Tuesday, August 11th, 2015. Aaron Humes Reporting: Monday’s press release by Citizens Organized for Liberty through Action (COLA) contained bombshell news – Carnival Cruise Lines seemed to be in the midst of a serious conflict with local tourism authorities including the Belize Tourism Board (BTB) concerning its future here.
Ahead of the high season, Carnival informed that two of its ships which make multiple stops in Belize throughout the year would not be calling this year – a total of 14 calls lost out of about 300. So were the reports of millions in lost revenue and imminent trouble in the industry justified and accurate?
No, according to Director of Cruise Operations and Destination Planning, Valdemar Andrade, who hosted the press this afternoon.
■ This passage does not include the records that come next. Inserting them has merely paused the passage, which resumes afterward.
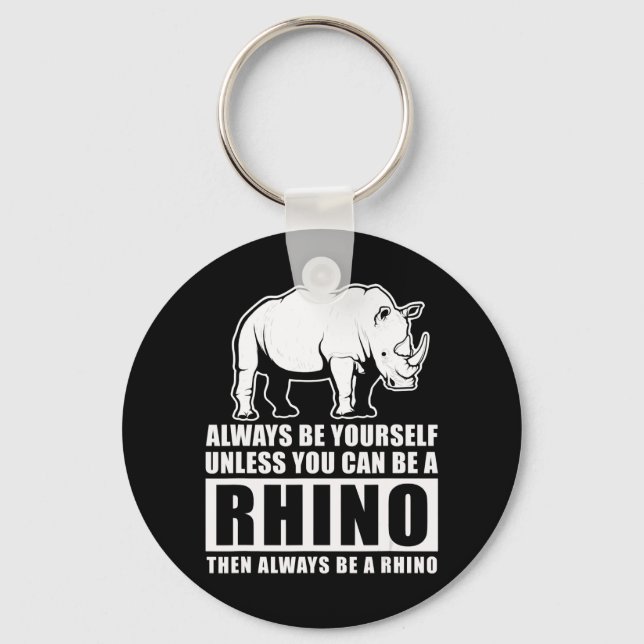 Var alltid dig själv om inte Rhino Costume Gift Nyckelring (Framsida)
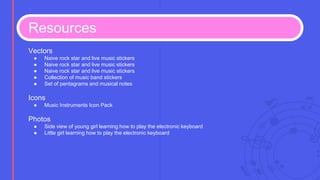 Resources
Vectors
● Naive rock star and live music stickers
● Naive rock star and live music stickers
● Naive rock star and live music stickers
● Collection of music band stickers
● Set of pentagrams and musical notes
Icons
● Music Instruments Icon Pack
Photos
● Side view of young girl learning how to play the electronic keyboard
● Little girl learning how to play the electronic keyboard
 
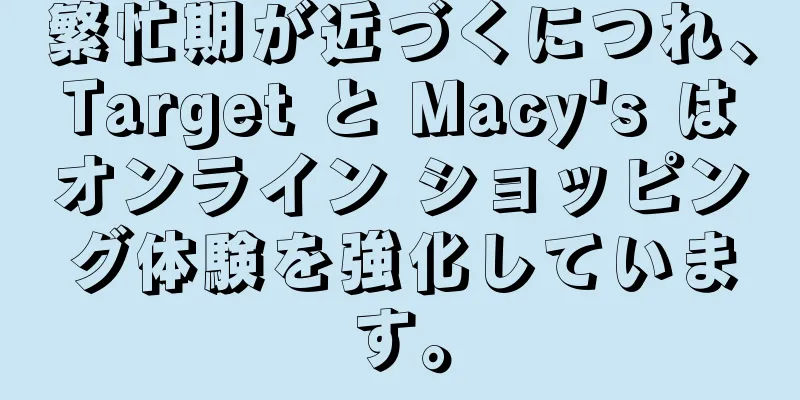 繁忙期が近づくにつれ、Target と Macy's はオンライン ショッピング体験を強化しています。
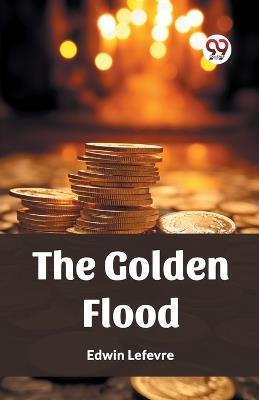 The Golden Flood - Edwin Lefevre - cover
Carnival’s decision was one of many it makes as it shuffles its “high season” schedule and there are others ready to take up the slack. Any losses would be determined by December when the final schedule is out.
Andrade says the BTB and cruise lines regularly correspond and other issues mentioned in the COLA press release such as tendering and treatment of visitors coming off the ship are noted but not considered deal breakers for their continued business here.
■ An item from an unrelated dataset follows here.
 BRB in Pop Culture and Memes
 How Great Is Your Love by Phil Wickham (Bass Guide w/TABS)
But the Board is working on changing Belize’s image on the ground in the Fort Street Tourism Village, starting with tour guides. 67 guides have specialized licenses to work in the Zone and more guides will be trained in the coming year.
BTB touted its partnership with Small Business Development Center (SBDC) to deliver business development training for all the groups of stakeholders in the Fort George Tourism Zone including hair braiders, tour guides, tour operators, food vendors and craft vendors.
The training covered topics such as Entrepreneurship, Marketing your Product, Customer Service, Understanding your Customer, and Sales Techniques. Comprehensive enforcement was carried out as of August 1st 2015, where only fully license guides are allowed to now participate in the Fort George Tourism Zone.
While BTB continues to support a proposed cruise port, the ongoing litigation makes it difficult to see when that will come on-stream. It looks increasingly likely that it will not be this year as promised by the Prime Minister. But the Harvest Caye project is under full steam and will be completed by next February.
According to Andrade stakeholders are soon to meet on consultations regarding regulations for the million-dollar industry which may become legislation. The Cruise Ship Passenger Tax also known as head tax has been legitimized and the Board’s portion is being used to further fund industry development.